Interviews are superb at developing first impressions about candidates for a job, but it is hard to test someone’s on-the-fly problem-solving skills, conceptual thinking skills, or situational judgement from a few questions. Interviewer bias creeps in, often unbeknownst to the interviewer, and unstructured questions may be shallow and even counterproductive. We at Orgro make use of psychometric evaluations such as the Cognitive Processing Profile (CPP), TRAM, and APIL to measure cognitive processes and learning potential.

 

Integrity and Potential Risks

Some positions require a high level of ethical conduct, especially in roles that handle finances, valuable goods, or confidential information. Hiring the wrong employee puts the organisation’s reputation within their industry at risk, so assessing ethical standing is essential. The psychometric evaluation tools that we use to test integrity and predict counter-productive behaviour at work include the Work Related Risk Profile (WRISC), IP200, and the Giotto assessment.

 

Values that Drive Behaviour

Values and integrity are closely related, but values are based more on the core priorities that drive a person’s behaviour and how they make their decision. Understanding an employee’s values allows the organisation to determine whether these values are in line with the company culture and the decision-making frameworks that the organisation strives toward.

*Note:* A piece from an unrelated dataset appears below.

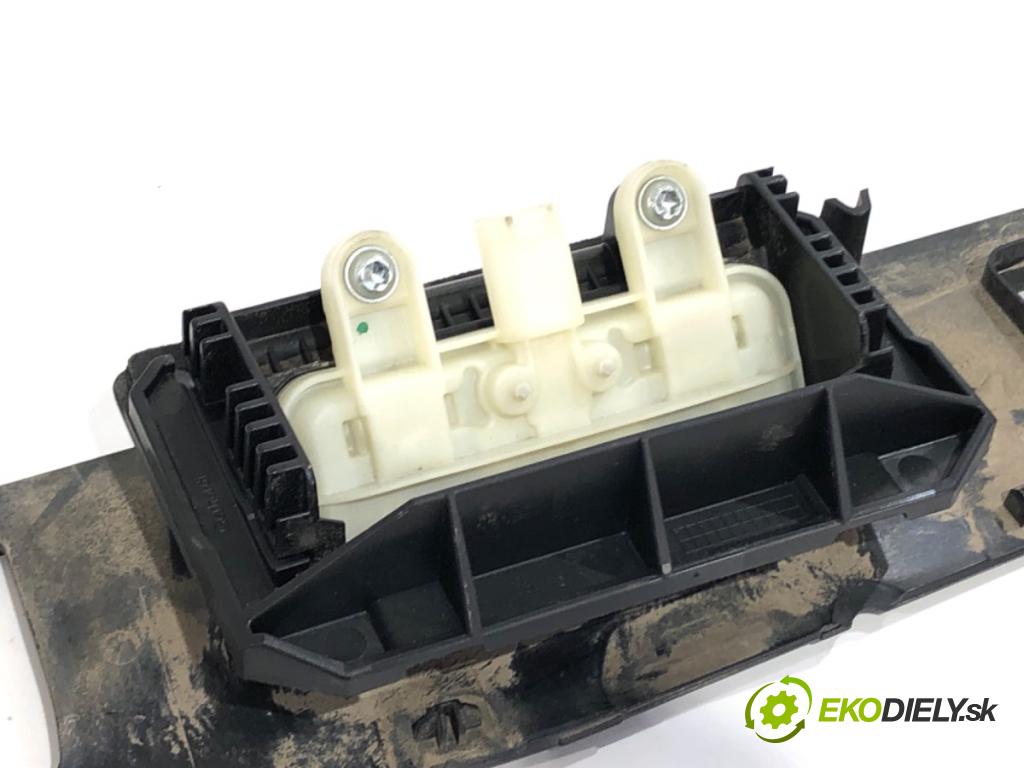 MERCEDES-BENZ W212 sedan 2014 150 kW E 300 Hybrid / BlueTEC Hybrid (212.098) 2143 Kľučka dverí zad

We offer a “values orientation” tool to help measure these traits.

 

Why Professional Help is Crucial to the Process

Some organisations prefer to undertake psychometric evaluation tests on their own, often with the help of their Human Resources department and a few basic tests that can be found online. The problem with these tests is that if they are used or assessed in the wrong way, they can be damaging to the self-esteem and even the identity of employees. Utilising professional services, like our offerings here at Orgro, ensures an empowering, uplifting outcome for your organisation and its members.